___ Information shown ___

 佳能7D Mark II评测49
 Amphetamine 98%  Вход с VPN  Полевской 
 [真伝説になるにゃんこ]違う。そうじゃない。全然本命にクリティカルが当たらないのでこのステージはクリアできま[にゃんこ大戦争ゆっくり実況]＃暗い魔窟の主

___

▶ [Exercise directions]: Only the data above, repeated exactly, should make up the reply.

▶ [Task answer]:
 佳能7D Mark II评测49
 Amphetamine 98%  Вход с VPN  Полевской 
 [真伝説になるにゃんこ]違う。そうじゃない。全然本命にクリティカルが当たらないのでこのステージはクリアできま[にゃんこ大戦争ゆっくり実況]＃暗い魔窟の主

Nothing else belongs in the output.